Statistics: Data files contain detailed statistics that are used for quick filtering and query optimization, reducing unnecessary data scanning and speeding up query processing.
Vectorized engine: PAX also supports a vectorized engine. It aims to further enhance data processing capabilities and query performance, especially in applications like data analysis and report generation.
Applicable scenarios
The hybrid storage capability of PAX makes it suitable for complex OLAP applications that need to handle large amounts of data writes and frequent queries. Whether you are looking for a high-performance data analysis solution in a cloud infrastructure or dealing with large datasets in a traditional data center environment, PAX can provide strong support.
Usage
Create a PAX table
To create a table in PAX format, you need to set the table access method to PAX. You can do this in one of the following ways:
Use the
USING PAX
clause explicitly when creating the table, for example:CREATE TABLE t1(a int, b int, c text) USING PAX; -- t1 is a PAX table and can be used like a normal heap table.

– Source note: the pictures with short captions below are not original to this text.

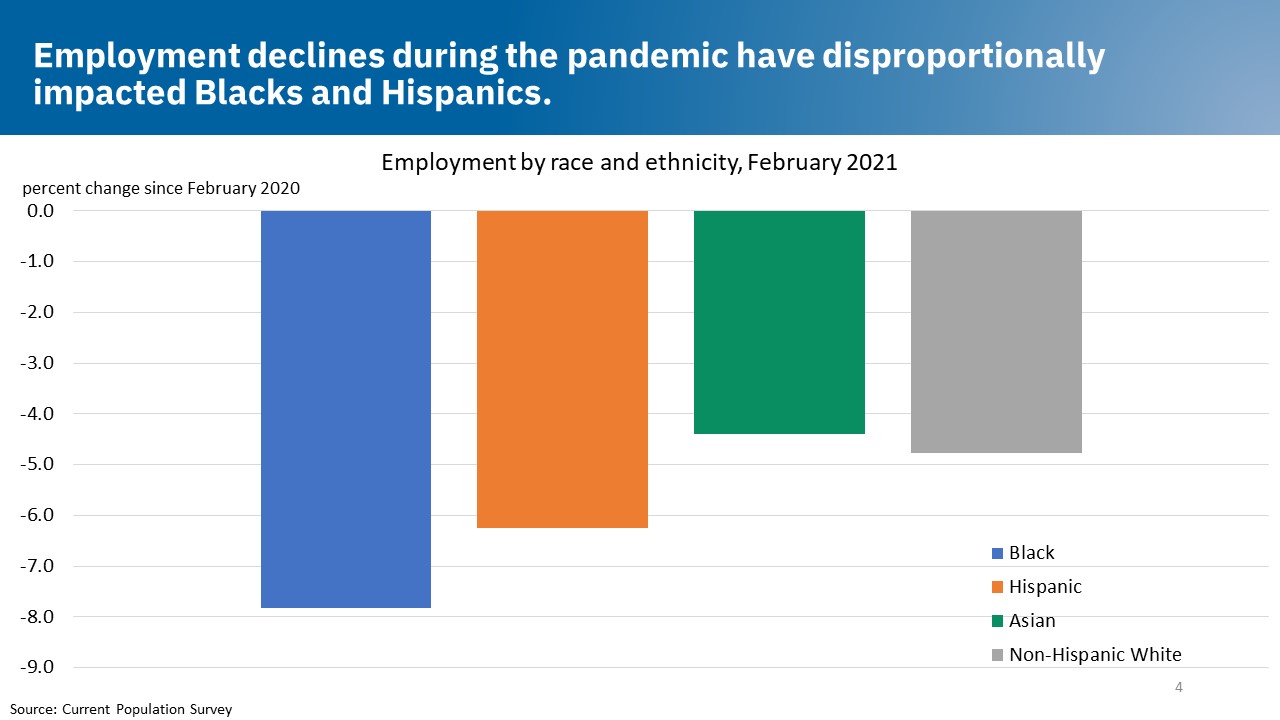 Employment declines during the pandemic have disproportionally impacted Blacks and Hispanics.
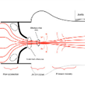 Aortic stenosis eLearning module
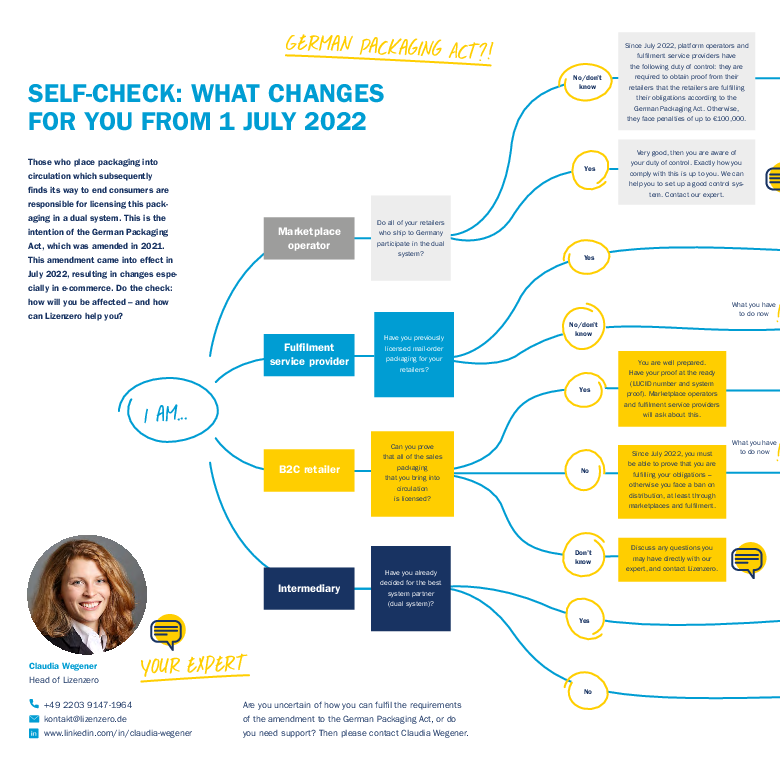 csm_Interzero-Worksheet-2022-Self-Check-ENG_a0dbdcb7d8 csm_Interzero-Worksheet-2022-Self-Check-ENG_a0dbdcb7d8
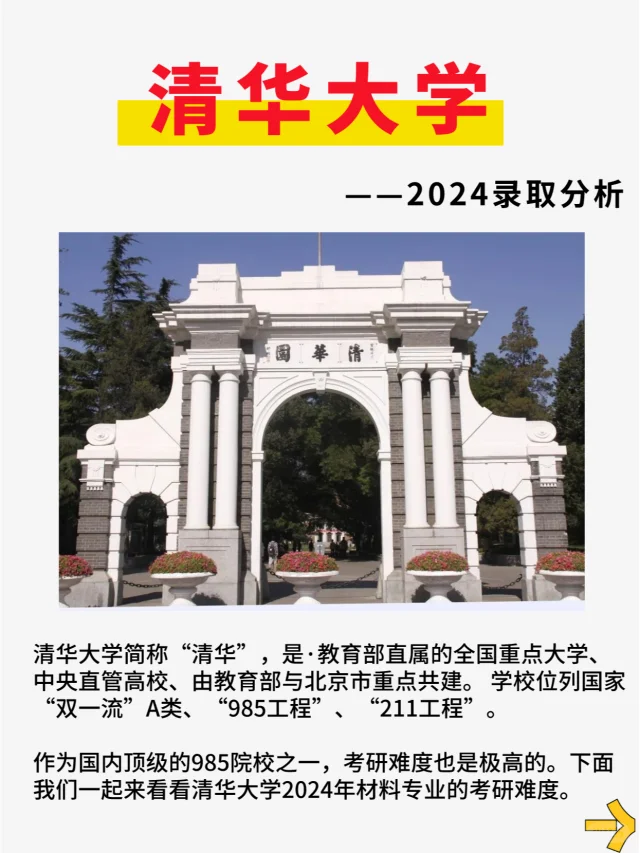材料考研院校分析——清华大学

Set the default table access method to PAX and then create the table:
-- Set the default table access method. From now on, newly created tables will use PAX format. SET default_table_access_method = pax; -- Implicitly use the default access method, which is PAX. CREATE TABLE t1(a int, b int, c text);
When creating a table, you can also specify minimum and maximum value information for certain columns to speed up queries:
-- Use WITH(minmax_columns='b,c') to specify that columns b and c
-- should record min and max statistics.
-- This helps optimize queries involving these two columns,
-- because the system can quickly determine which data blocks might contain matching data.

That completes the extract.